Description of problem: service-ca pod is in 'ConfigError' state after replacing default ingress cert Version-Release number of selected component (if applicable): 4.7.0-rc2 How reproducible: Steps to Reproduce: 1. Replace default ingress cert, following the doc https://docs.openshift.com/container-platform/4.6/security/certificates/replacing-default-ingress-certificate.html 2. service-ca pod is in 'ConfigError' state after replacing default ingress cert Actual results: service-ca pod is in 'ConfigError' state Expected results: All pods should be up and running Additional info: # oc -n openshift-service-ca get po NAME READY STATUS RESTARTS AGE service-ca-76bbb97c47-lwfws 0/1 CreateContainerConfigError 0 4d15h # oc -n openshift-service-ca get po service-ca-76bbb97c47-lwfws -oyaml ... status: conditions: - lastProbeTime: null lastTransitionTime: "2021-02-12T23:30:48Z" status: "True" type: Initialized - lastProbeTime: null lastTransitionTime: "2021-02-12T23:30:48Z" message: 'containers with unready status: [service-ca-controller]' reason: ContainersNotReady status: "False" type: Ready - lastProbeTime: null lastTransitionTime: "2021-02-12T23:30:48Z" message: 'containers with unready status: [service-ca-controller]' reason: ContainersNotReady status: "False" type: ContainersReady - lastProbeTime: null lastTransitionTime: "2021-02-12T23:30:48Z" status: "True" type: PodScheduled containerStatuses: - image: quay.io/openshift-release-dev/ocp-v4.0-art-dev@sha256:2a79b840f91d8074737e012c8650313534ea01c880d6d544633d0c34febcca2c imageID: "" lastState: {} name: service-ca-controller ready: false restartCount: 0 started: false state: waiting: message: 'container has runAsNonRoot and image will run as root (pod: "service-ca-76bbb97c47-lwfws_openshift-service-ca(02846586-8661-4a53-9507-3906acf11179)", container: service-ca-controller)' reason: CreateContainerConfigError hostIP: 10.0.0.6 phase: Pending podIP: 10.130.0.15 podIPs: - ip: 10.130.0.15 qosClass: Burstable startTime: "2021-02-12T23:30:48Z" must-gather log location- https://drive.google.com/drive/folders/1DkkzfWwzc51Su09M2r1a3ABfRnCg7vlg?usp=sharing
Visible from the logs: the service-ca pod is running with anyuid SCC. But it shouldn't have access to it. Can you provide kube-apiserver audit logs?
Did you make any changes to RBAC? If not, can you please also get us all the clusterrolebindings containing the "service-ca" service account in subjects, plus the content of all the bound clusterroles from these clusterrolebindings?
Provided access to the cluster to Standa. No changes made to RBAC. The problem occurred after changing the ingress default cert which is causing RHACM install failed down the road. audit log location - https://drive.google.com/file/d/1vyEOVg7JfJB9zCv-n04fZYdsOb8B7edE/view?usp=sharing
Created attachment 1758790 [details] clusterrolebindings
Created attachment 1758791 [details] clusterroles
Created attachment 1758792 [details] clusterrolebindings
I've uploaded the clusterroles and clusterrolebindings from the cluster. In the cluster, I created an IdP to test which capabilities a normal user has. It is possible for any user to create a privileged pod, and apparently, the anyuid is also accessible since it's being picked by pods that should otherwise grab the restricted SCC. The `oc auth can-i use scc/anyuid` returns "no", though.
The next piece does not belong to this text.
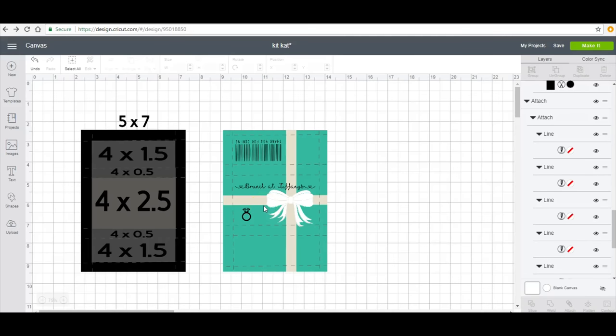Hey, so what I'm doing is actually a KitKat wrapper — this has been a requested video so I wanted to go ahead and get this done. Based off of the measurements of the actual KitKat wrapper, it is 5 by 7, but your actual design space is going to be within a 4 by 6 box ratio.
Having the same issue when upgrading from 4.6.18 to 4.7.0, the upgrade of service-ca running for a few days and caused failure of other components due to no certificate assigned. # oc get events LAST SEEN TYPE REASON OBJECT MESSAGE 8m49s Normal Scheduled pod/service-ca-78c87b4f98-lh64b Successfully assigned openshift-service-ca/service-ca-78c87b4f98-lh64b to master01 8m45s Normal AddedInterface pod/service-ca-78c87b4f98-lh64b Add eth0 [10.128.0.115/23] 3m42s Normal Pulled pod/service-ca-78c87b4f98-lh64b Container image "quay.io/openshift-release-dev/ocp-v4.0-art-dev@sha256:e401ae9497bb32c6e29d46048fd6caf75d02dc775fef96e4d3a9c2f62f389f57" already present on machine 6m49s Warning Failed pod/service-ca-78c87b4f98-lh64b Error: container has runAsNonRoot and image will run as root 12m Normal Pulled pod/service-ca-78c87b4f98-wvjxs Container image "quay.io/openshift-release-dev/ocp-v4.0-art-dev@sha256:e401ae9497bb32c6e29d46048fd6caf75d02dc775fef96e4d3a9c2f62f389f57" already present on machine 8m49s Normal SuccessfulCreate replicaset/service-ca-78c87b4f98 Created pod: service-ca-78c87b4f98-lh64b
I've seen the same error on 2 clusters. First cluster, it was indeed an easy pick as the SCC was hand edited and fixed, no problem. Second cluster has been more problematic. SCC's, clusterroles and clusterrole bindings all look good compared known good working clusters. Same problem on the pod, service-ca is requesting anyuid from pod: openshift.io/scc: anyuid creationTimestamp: "2021-03-18T21:24:16Z" dumping the pod yaml and running scc review: oc policy scc-review -z system:serviceaccount:openshift-service-ca:service-ca -f pod.yml RESOURCE SERVICE ACCOUNT ALLOWED BY Pod/service-ca-7f68c8cf48-9zn59 service-ca restricted
Interesting, pmoses, did you run the `scc-review` as the ServiceAccount deploying those pods? If not, do you think I might ask you to and share the result here?
So... for me, this turned out to be a fault on an admins end. A cluster role and role binding were created (unknown to me) for system:authenticated for anyuid. When we cleaned out the CR and CRB and removed the old service-ca pods, new pods successfully launched. This wasn't a fault of service-ca but did prevent launch of the pod. I see the PR that was pushed earlier this month and that is nice as well. Thanks for the follow up, to summarize, the two times I've seen this: 1. default SCC was edited improperly 2. CRB and RB was created for system:authenticated and anyuid. Not a bug in service-ca but surely stopped the successful upgrade of service-ca.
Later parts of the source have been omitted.